Capital Metro takes its bus network realignment to the riders
The largest overhaul of Austin’s bus network in recent memory is about to go before the court of public opinion.
Next week, the Capital Metropolitan Transportation Authority will hold three feedback sessions to hear residents’ opinions on proposed service changes that are set to take effect next June.
The changes represent the most sweeping element yet of the Connections 2025 service plan the board approved last year and will bring “major changes” to approximately half of the agency’s bus routes, according to senior planner Lawrence Deeter.
The package would increase from six to 14 the number of high-frequency routes that arrive every 15 minutes. Deeter said that four out of five current Capital Metro riders “would be within a short, 10-minute walk to frequent service.”
“This would allow better access to jobs and education and also is a recipe that will increase ridership,” he added.
The network redesign is similar in spirit to the one Houston’s Metropolitan Transit Authority of Harris County adopted in 2015. Like Capital Metro’s proposal, that plan straightened routes, reduced duplications and increased frequencies. Two years later, the city’s transit ridership is increasing, though the boost has been largely driven by passengers taking advantage of expanded weekend service and the agency’s light rail lines.
Capital Metro is also gambling that riders will accept the increased volume of transfers the more grid-like network will require.
“We’re asking our customers to travel differently, obviously. But at the same time, many of our customers would be able to reach more destinations in the same amount of travel time,” Deeter said.
Other elements of controversy in the proposed changes are the radical reworking or outright elimination of existing routes. For example, the No. 5 that currently travels through Hyde Park on Speedway Boulevard would be shifted over to North Lamar Boulevard and the Nos. 21 and 22 would be deleted entirely.

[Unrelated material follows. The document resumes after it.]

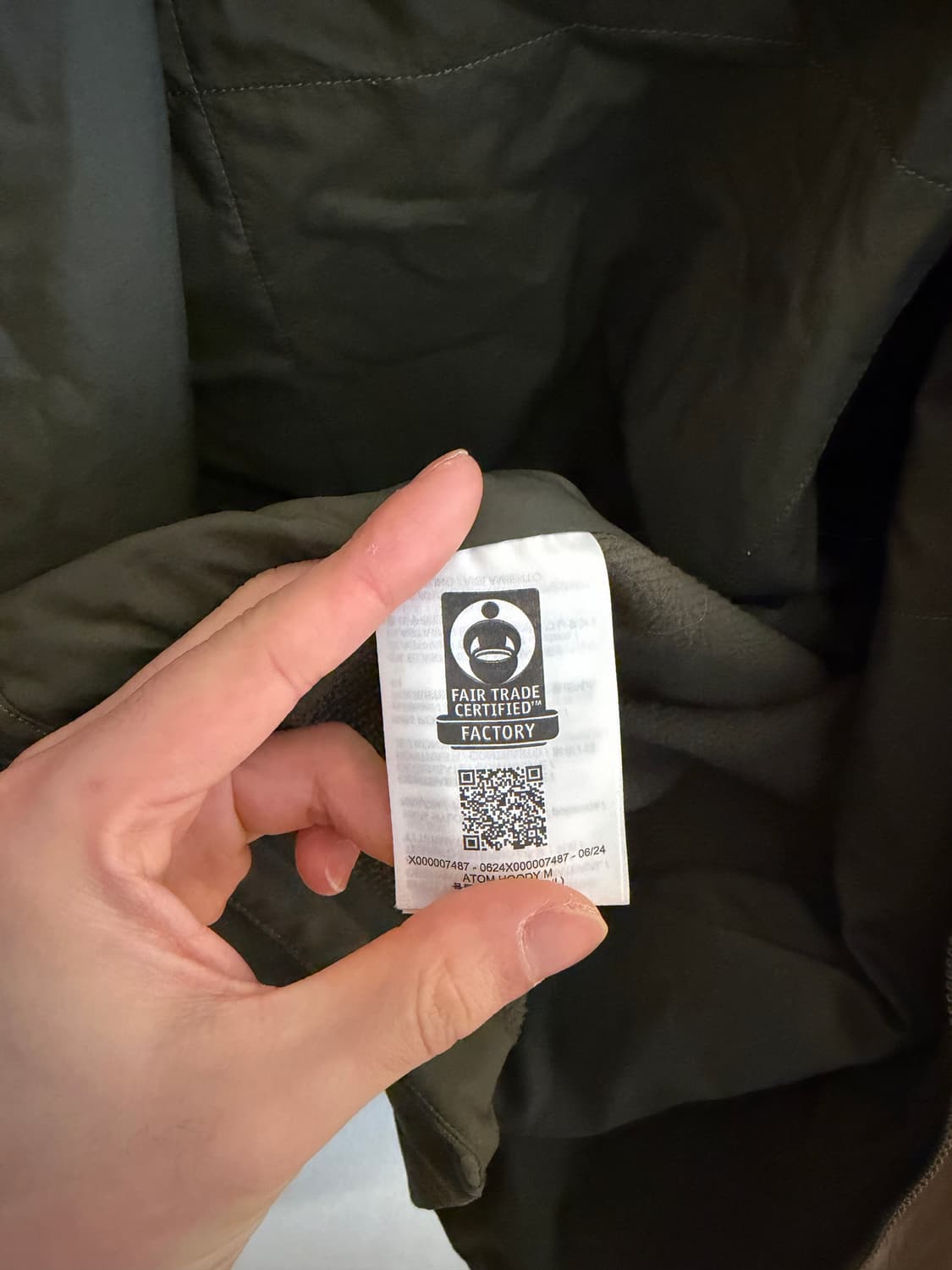 아크테릭스 아톰 후디 타츠 포리지 L 상품이미지4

Deeter told the Austin Monitor that the proposed changes are far from set in stone.
“Every service change I’ve ever done here, we’ve done tweaks based on public input. We don’t anticipate that being different this time, so we want people to get out and let us know their thoughts on the proposals,” he said.
The first public meeting next week is scheduled to start at 5:30 p.m. on Monday at Howson Branch Library. The agency has a list of the other meetings as well as webinars along with complete information about the proposed service changes on its website. The board of directors is scheduled to vote on the final package at its Nov. 15 meeting.